I am quite sure that all involved except, the end user, would love to see a slight lowering of the requirements, as it would make their jobs that much easier. I am quite sure if the standards were lowered by an acceptable level, the number of dogs that passed would increase by a good percentage...Would the quality of the dogs work performed be that much lower, probably not...vendors would sell more dogs, breeders would breed more dogs.
I have seen Gerben's posts on here, expressing concerns and when I was at Mike's we talked some about it as well. Both of them, as well as every other vendor I'm sure realize that these contracts are getting harder and harder to fill.the situation is as you describe it, about the depletion factor,well maybe not even that,How many dogs that could pass these new tests were around to even be depleted.Truth is no matter how good the breeding programs, the number of dogs produced, dogs that pass these tests are still rare.
And I'm sure they (the vendors) would be quite happy if they could present dogs of slightly lesser quality, like I said it would make their jobs much easier, and there would not be such a strain on the stock. But THAT IS NOT THEIR CALL.There is no vendors union. What would you have them do? Go on strike? Quit?
Professional breeders are breeding dogs to make money.Vendors vend to make money.contracts pay money.without money.breeders can't breed, vendor's can't vend.
Maybe it will be that the end user finds a solution themselves, by lowering the standard. I don't think they will find a solution by making their own breeding programs.There are US vendors/breeders the have operations in south africa that have 1000's of dogs.but they cannot even fill these contracts reliably, and they are doing their best to produce top quality dogs.
The government can screw up a wet dream. we all know this.
I think I see why you are frustrated, but what is the solution? I don't see vendors as the problem.if there were no vendors, breeders would suffer, and their would be less breeders.if there was no demand for high quality dogs, the quality would decrease.the problem is a breeder shortage of those types of dogs, and a dogs of that caliber shortage.
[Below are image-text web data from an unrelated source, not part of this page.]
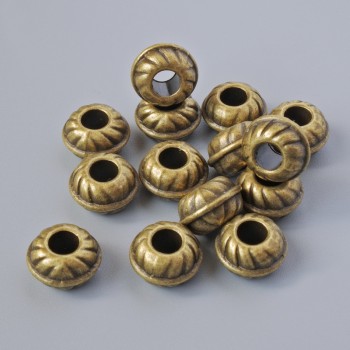 Bead-insert finding, 9x5.5 mm, hole diameter 3.6 mm, pack of 14 pcs ± bronze metal color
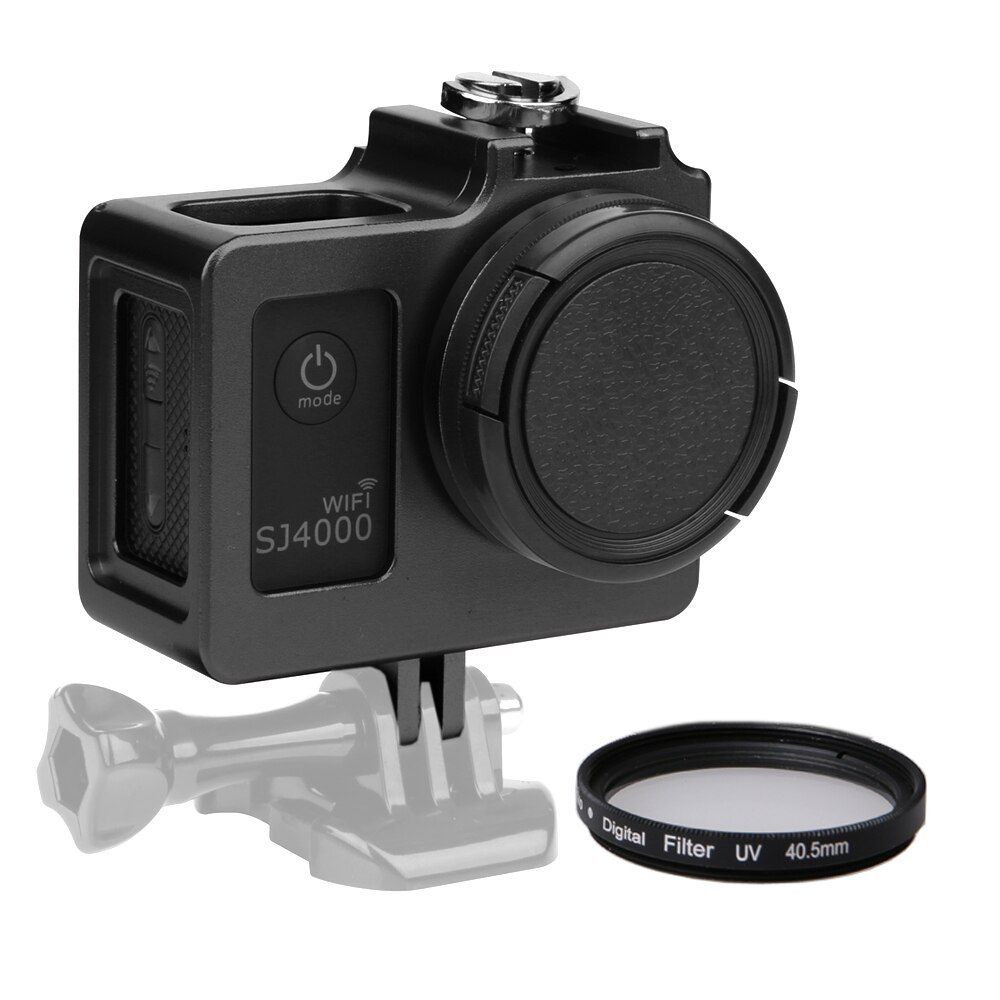 De aleación de aluminio de SJ4000 Carcasa protectora de Metal marco + filtro UV para SJCAM SJ4000 WIFI SJ6000 SJ7000 H9 accesorio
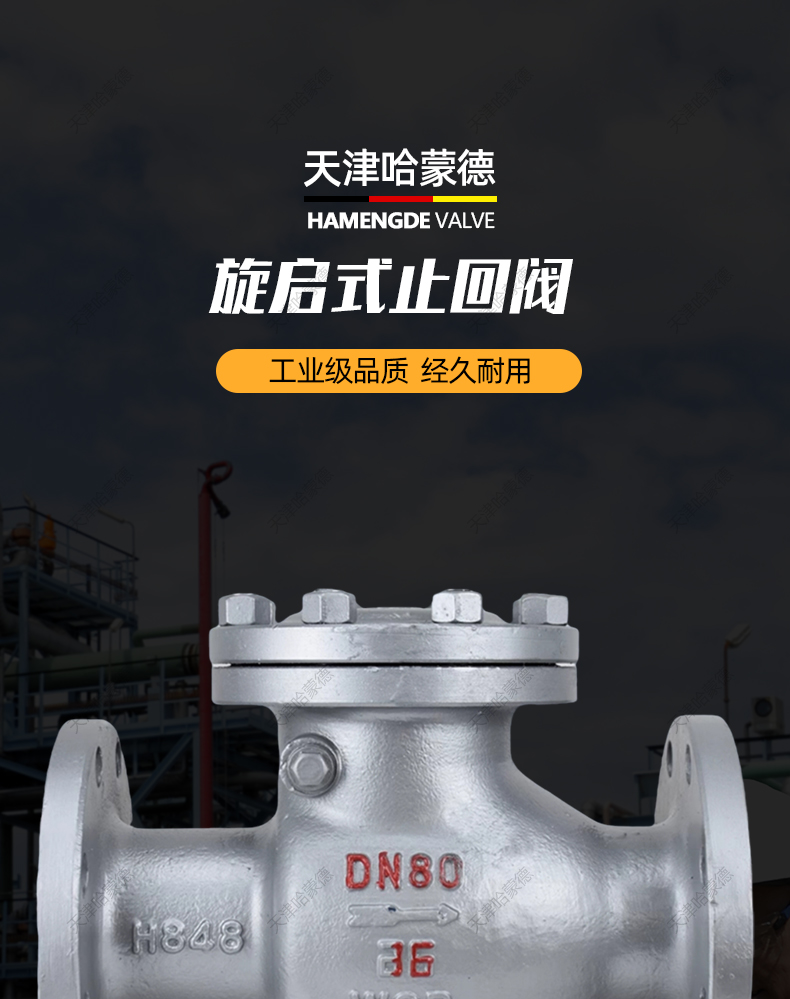 哈蒙德H44H-40C铸钢旋启式高压法兰止回阀凹凸面卧式逆止阀PN 40C.jpg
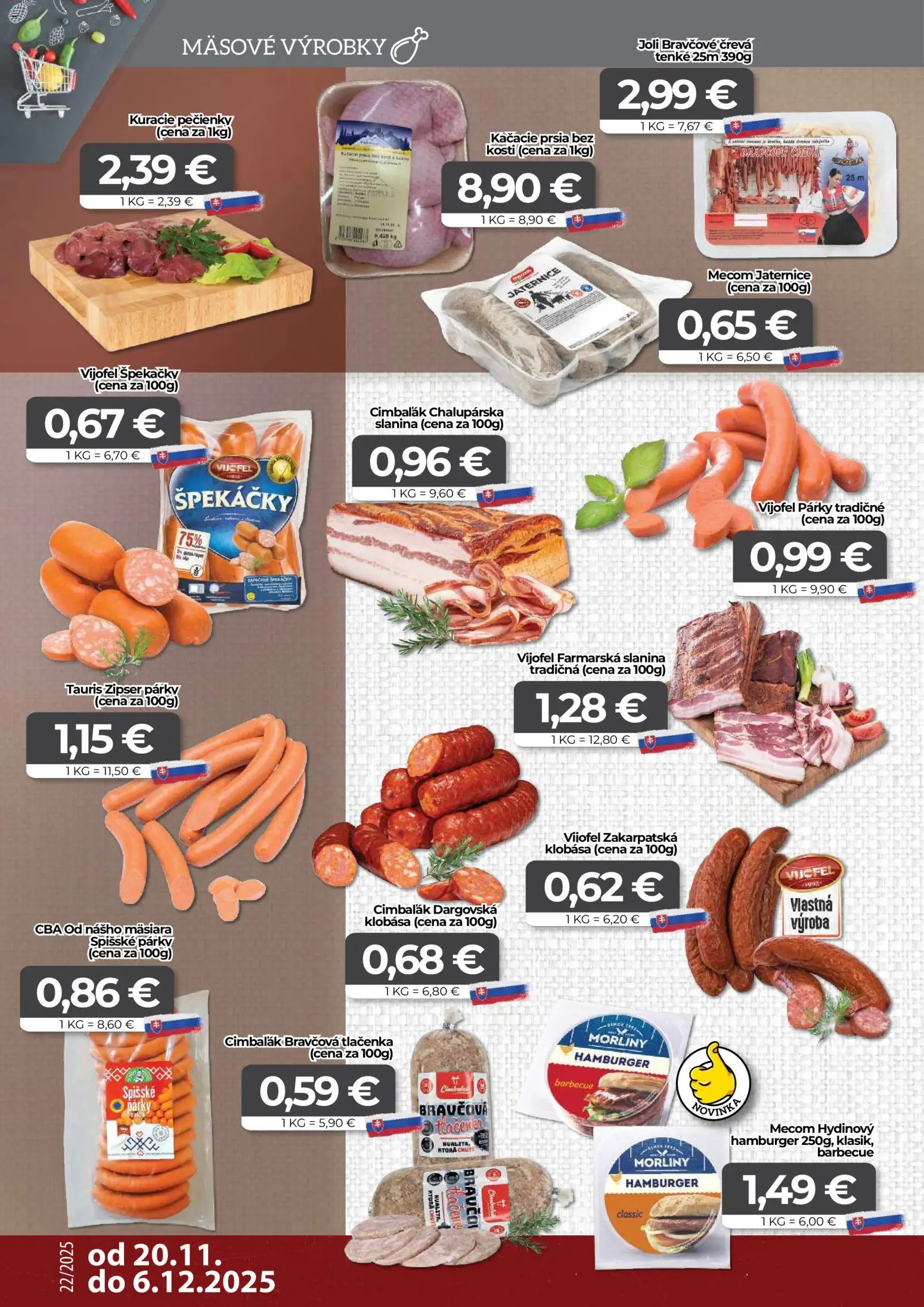 Nové CBA Komfos akcie – leták je platný od 20.11.2025 | Strana: 2 | Produkty: Kačacie prsia, Slanina, Klobása, Párky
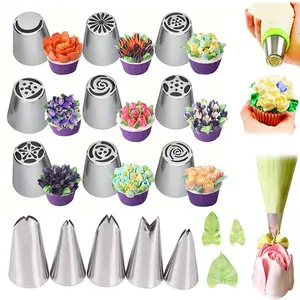 14-Piece Complete Flower Leaf Icing Nozzle Set, DIY Cake Decorating Tips, Pastry Decorating Tools, Cream Bouquet Piping Mouth, Perfect for Baking & Desserts, Cake Decorating Kit, Home Baking Supplies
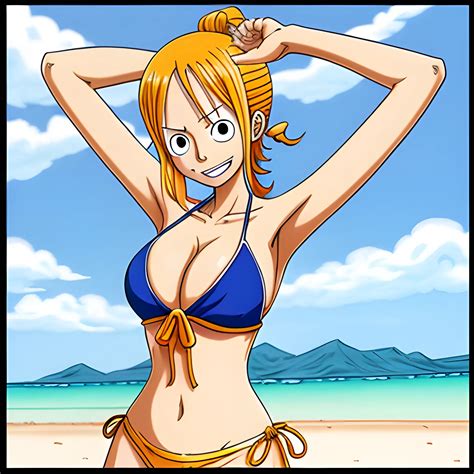 One Piece Nami In Bikini Top Cartoon Arthub Ai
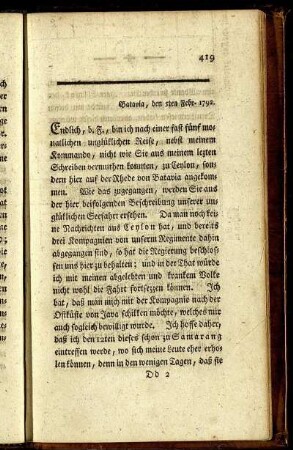 Batavia, den 5ten Febr. 1792.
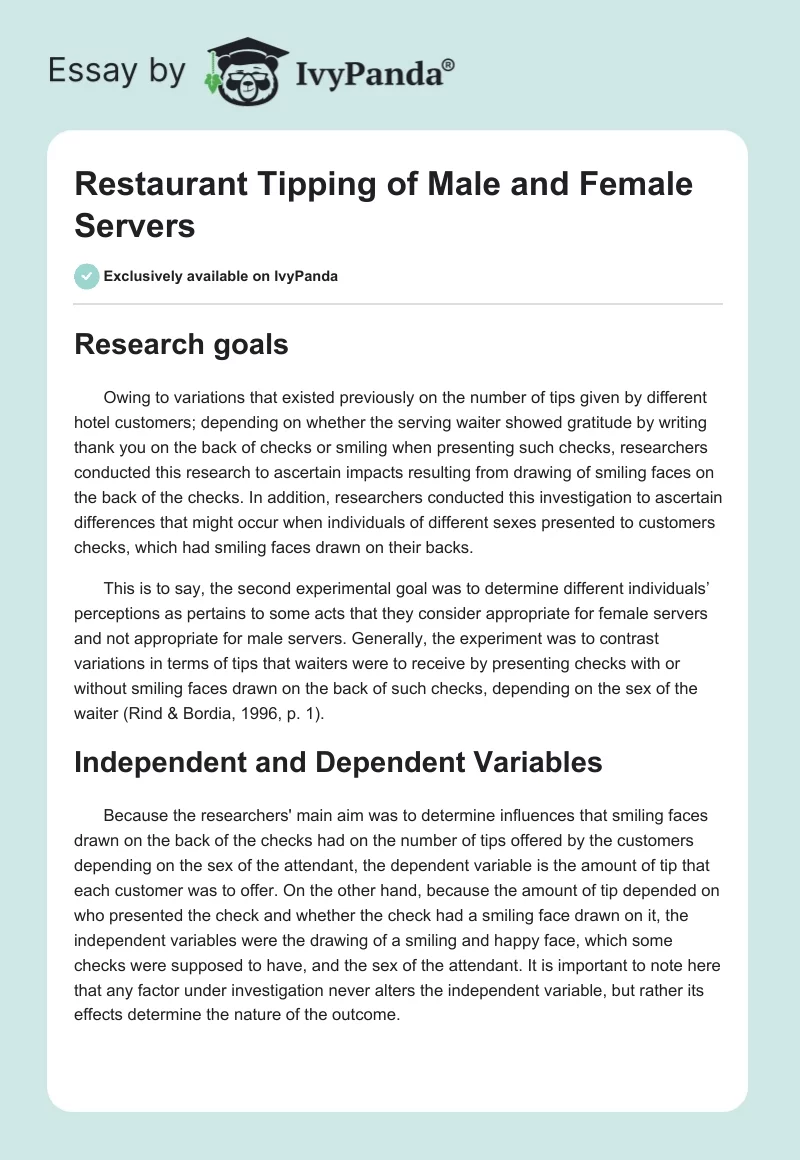 Restaurant Tipping of Male and Female Servers. Page 1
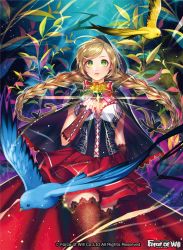 Rule 34 | 1girl, bird, blonde hair, bow, bowtie, braid, breasts, cape, cleavage, company name, feathered wings, flower, force of will, green eyes, hood, leaf, little red riding hood (force of will), long hair, matsurika youko, official art, rose, solo, sparkle, thighhighs, wings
I am no expert.just using logic here.

Take Mike for example.I am not speaking for him, and I am sure he will correct me if I am wrong.he is frustrated I am sure, as are most other US vendors, and foreign vendors as well.He would love to be able to buy dogs here, instead of having to import and spend the extra money, and split the profit margin overall with his contacts overseas, makes sense logically. I am also sure he wouldn't mind a slight adjustment to the testing process for the contracts he fills, as long as HE knows the dogs he sells will perform the job well.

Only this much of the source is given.